TiTok: Transfer Token-level Knowledge via Contrastive Excess to Transplant LoRA¶

Conference: ICLR 2026 arXiv: 2510.04682 Code: https://github.com/NaughtyMaltiz16/TiTok Area: Model Compression Keywords: LoRA Transfer, Knowledge Distillation, Token-level Selection, Parameter-Efficient Fine-Tuning, Contrastive Excess Score

TL;DR¶

This paper proposes TiTok, a framework that enables efficient cross-model transfer of LoRA adapters via token-level contrastive excess scores, without requiring an auxiliary discriminator model.
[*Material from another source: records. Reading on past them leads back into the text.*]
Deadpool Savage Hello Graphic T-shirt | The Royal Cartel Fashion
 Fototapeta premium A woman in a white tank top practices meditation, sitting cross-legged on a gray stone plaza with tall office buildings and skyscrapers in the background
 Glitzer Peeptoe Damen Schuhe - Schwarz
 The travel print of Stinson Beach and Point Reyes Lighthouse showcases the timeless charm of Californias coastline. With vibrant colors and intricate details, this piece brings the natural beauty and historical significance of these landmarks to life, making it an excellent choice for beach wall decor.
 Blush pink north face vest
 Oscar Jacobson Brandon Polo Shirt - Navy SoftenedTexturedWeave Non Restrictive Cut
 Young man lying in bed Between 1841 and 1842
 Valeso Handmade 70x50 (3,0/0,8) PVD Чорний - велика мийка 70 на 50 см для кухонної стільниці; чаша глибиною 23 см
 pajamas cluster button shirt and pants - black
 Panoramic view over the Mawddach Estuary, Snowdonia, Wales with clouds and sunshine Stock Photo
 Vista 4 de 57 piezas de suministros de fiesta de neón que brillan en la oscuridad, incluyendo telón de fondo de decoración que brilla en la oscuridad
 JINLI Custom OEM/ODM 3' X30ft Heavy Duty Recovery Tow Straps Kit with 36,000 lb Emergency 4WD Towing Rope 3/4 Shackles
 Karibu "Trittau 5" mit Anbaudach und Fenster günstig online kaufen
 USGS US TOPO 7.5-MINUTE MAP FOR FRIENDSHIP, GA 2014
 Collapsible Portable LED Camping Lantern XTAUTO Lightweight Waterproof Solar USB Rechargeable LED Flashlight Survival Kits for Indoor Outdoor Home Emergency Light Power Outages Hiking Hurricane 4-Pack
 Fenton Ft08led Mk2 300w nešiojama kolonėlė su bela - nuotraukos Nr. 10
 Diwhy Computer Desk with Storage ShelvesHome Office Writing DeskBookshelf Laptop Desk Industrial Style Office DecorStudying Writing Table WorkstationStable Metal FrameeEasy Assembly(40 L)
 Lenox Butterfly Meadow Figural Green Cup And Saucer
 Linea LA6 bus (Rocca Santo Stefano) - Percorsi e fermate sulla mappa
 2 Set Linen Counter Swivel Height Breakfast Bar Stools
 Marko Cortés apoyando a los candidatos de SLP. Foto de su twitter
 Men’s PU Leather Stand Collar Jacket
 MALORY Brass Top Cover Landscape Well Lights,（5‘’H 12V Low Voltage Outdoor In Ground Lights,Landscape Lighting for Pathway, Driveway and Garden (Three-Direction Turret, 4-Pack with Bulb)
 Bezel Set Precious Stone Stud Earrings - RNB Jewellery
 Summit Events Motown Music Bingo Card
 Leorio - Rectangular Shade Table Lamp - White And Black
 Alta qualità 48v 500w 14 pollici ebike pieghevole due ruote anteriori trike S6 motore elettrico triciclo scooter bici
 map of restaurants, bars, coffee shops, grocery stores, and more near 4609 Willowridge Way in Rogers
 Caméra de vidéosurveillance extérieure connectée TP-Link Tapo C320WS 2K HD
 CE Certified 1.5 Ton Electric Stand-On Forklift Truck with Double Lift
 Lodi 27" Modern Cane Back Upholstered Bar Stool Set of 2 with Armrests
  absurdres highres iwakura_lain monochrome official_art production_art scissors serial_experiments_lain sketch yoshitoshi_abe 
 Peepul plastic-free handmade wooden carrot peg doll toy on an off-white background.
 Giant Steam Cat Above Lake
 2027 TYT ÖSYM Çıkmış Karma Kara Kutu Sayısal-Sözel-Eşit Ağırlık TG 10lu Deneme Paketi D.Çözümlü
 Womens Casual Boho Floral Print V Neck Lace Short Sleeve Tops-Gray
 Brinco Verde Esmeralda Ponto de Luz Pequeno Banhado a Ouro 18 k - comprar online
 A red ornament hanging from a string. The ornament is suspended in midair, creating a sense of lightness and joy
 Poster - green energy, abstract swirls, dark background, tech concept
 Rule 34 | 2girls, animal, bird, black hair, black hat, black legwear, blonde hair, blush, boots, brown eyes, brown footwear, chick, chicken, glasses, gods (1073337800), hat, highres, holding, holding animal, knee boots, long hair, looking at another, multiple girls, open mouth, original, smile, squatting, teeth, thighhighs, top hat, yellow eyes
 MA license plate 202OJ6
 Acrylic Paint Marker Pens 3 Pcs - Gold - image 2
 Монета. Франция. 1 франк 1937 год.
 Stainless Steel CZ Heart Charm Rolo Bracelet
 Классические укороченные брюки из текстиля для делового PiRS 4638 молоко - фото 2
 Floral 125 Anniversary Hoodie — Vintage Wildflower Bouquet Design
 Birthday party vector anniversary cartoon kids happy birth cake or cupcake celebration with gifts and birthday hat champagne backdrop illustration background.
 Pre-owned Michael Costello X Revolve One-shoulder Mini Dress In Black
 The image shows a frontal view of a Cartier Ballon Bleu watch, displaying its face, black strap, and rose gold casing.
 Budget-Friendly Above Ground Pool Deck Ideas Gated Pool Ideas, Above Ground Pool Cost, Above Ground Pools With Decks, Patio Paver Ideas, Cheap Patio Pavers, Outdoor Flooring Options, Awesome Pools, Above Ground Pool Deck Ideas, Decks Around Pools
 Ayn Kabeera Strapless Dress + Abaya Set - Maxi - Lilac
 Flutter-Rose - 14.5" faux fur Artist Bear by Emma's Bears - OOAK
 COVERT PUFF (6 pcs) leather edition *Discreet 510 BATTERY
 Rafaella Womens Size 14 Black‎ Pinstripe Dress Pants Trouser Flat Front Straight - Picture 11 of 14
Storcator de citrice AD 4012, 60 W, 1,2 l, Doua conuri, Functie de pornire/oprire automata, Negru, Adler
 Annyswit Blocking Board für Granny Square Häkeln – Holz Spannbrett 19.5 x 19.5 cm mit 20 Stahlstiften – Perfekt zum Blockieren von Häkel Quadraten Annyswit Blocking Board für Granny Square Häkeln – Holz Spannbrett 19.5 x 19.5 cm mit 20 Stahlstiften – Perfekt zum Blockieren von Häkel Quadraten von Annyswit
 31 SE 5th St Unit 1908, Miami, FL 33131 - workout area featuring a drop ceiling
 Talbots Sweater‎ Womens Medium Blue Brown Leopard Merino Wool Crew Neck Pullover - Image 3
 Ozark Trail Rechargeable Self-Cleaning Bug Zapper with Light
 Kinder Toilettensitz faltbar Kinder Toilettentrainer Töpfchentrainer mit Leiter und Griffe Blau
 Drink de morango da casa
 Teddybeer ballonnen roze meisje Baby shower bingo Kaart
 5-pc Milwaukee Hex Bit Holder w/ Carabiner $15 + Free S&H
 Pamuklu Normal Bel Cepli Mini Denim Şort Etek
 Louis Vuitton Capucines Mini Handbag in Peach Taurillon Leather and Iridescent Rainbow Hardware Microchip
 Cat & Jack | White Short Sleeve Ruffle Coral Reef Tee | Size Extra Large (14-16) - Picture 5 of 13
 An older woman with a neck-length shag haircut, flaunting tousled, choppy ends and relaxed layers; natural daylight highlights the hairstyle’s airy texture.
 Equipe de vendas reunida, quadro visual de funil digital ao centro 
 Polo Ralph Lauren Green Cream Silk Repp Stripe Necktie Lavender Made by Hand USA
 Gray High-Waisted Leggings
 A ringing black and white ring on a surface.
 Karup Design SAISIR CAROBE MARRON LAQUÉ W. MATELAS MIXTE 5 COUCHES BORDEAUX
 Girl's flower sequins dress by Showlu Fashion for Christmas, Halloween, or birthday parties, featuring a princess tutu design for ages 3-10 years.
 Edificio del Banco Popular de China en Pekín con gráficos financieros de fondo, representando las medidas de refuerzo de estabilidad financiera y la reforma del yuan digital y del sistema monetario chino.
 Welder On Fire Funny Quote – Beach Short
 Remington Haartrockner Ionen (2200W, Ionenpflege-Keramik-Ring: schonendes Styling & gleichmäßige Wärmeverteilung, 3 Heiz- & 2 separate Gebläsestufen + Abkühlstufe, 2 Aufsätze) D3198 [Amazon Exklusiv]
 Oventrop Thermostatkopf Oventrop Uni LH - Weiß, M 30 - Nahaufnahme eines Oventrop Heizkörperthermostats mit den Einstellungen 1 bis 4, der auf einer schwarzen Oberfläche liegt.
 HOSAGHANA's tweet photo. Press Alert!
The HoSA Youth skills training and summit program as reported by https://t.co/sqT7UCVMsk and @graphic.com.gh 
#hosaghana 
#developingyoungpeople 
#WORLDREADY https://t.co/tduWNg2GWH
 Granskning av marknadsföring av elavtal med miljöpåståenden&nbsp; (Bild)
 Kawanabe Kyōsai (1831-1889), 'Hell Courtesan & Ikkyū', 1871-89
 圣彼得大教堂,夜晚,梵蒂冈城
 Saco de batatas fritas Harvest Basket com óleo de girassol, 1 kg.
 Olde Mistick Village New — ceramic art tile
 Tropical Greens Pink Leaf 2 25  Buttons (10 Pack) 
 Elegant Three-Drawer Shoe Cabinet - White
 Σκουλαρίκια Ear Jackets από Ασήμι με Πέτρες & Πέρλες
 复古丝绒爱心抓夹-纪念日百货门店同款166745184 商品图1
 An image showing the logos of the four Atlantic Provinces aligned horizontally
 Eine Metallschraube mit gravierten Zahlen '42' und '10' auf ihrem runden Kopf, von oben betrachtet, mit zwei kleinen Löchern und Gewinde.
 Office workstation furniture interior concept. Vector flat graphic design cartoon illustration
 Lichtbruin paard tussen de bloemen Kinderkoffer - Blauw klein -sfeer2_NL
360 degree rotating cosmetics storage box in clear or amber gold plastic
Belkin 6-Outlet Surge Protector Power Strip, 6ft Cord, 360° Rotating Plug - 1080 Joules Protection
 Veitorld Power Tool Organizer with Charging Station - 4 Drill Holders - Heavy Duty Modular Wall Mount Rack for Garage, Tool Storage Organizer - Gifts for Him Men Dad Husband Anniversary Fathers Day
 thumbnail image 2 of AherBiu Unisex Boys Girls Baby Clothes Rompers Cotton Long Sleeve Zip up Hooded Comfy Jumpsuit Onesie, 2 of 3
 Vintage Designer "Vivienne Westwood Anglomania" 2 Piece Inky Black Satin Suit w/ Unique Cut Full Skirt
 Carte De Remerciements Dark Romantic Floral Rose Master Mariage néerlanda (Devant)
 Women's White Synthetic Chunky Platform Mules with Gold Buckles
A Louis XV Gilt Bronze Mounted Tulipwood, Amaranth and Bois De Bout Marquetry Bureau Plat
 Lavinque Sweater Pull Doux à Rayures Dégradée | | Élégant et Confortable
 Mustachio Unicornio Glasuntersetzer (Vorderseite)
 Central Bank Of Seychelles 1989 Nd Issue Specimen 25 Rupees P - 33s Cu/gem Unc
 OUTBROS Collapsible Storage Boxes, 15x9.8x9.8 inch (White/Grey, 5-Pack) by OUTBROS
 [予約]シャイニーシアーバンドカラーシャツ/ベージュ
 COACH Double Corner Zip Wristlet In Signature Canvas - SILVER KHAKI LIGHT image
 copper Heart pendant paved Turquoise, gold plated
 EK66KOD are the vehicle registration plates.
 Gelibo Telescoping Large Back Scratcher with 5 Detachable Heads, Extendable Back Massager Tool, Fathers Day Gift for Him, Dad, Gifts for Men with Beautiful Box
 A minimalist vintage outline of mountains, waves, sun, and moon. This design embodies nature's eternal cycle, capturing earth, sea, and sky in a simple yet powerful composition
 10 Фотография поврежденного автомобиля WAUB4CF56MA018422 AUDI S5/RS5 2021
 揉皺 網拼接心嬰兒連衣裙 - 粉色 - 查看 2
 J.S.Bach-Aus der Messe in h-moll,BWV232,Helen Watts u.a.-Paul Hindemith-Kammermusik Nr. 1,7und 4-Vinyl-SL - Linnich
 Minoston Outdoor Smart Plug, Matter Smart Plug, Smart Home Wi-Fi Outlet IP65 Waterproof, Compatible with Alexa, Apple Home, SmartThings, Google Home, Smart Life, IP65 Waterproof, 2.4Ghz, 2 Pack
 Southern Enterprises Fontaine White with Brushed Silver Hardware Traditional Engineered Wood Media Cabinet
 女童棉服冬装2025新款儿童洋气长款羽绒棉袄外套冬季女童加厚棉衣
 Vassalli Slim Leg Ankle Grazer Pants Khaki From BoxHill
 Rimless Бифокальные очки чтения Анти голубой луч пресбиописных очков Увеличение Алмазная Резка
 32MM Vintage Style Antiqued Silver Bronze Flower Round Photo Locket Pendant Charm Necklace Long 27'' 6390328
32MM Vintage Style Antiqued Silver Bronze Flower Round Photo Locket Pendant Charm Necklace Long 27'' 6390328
TiTok consistently outperforms TransLoRA and knowledge distillation baselines on reasoning and personalization tasks.

Background & Motivation¶

The binding problem of LoRA: Although PEFT methods such as LoRA are parameter-efficient, adapter parameters are tightly coupled to a specific base model and cannot be directly transferred across models.
Limitations of Prior Work:
- Knowledge distillation (KD) requires access to the original training data, which is typically unavailable.
- TransLoRA addresses data dependency through synthetic data but requires training an additional discriminator model for data filtering, introducing extra complexity.
Core Motivation: Can task-relevant knowledge signals be extracted at the token level from a LoRA adapter in a more lightweight manner, so as to guide cross-model knowledge transfer?

Method¶

Overall Architecture¶

TiTok consists of three stages: 1. Synthetic data generation → 2. Excess score computation → 3. Target model training with filtering

Key Design 1: Token-level Contrastive Excess Score¶

The token-level score difference between the source model with and without LoRA is defined as:

\[S(y_i) = L_e(y_i) - L_a(y_i)\]

where:

\[L_a(y_i) = \log P_{\mathcal{M}_s}(y_i \mid \mathbf{q}, \mathbf{y}_{<i}), \quad L_e(y_i) = \log P_{\mathcal{M}_s + \mathcal{A}_s}(y_i \mid \mathbf{q}, \mathbf{y}_{<i})\]

Intuition: The excess score quantifies the amount of task knowledge injected by the LoRA adapter. When the base model is uncertain about a token but the LoRA-augmented model predicts it with high confidence, that token receives a high excess score.
Theoretical Basis: This is equivalent to a token-level log-likelihood ratio (LLR), which is guaranteed by the Neyman–Pearson lemma to be the most powerful statistic for distinguishing the two model distributions.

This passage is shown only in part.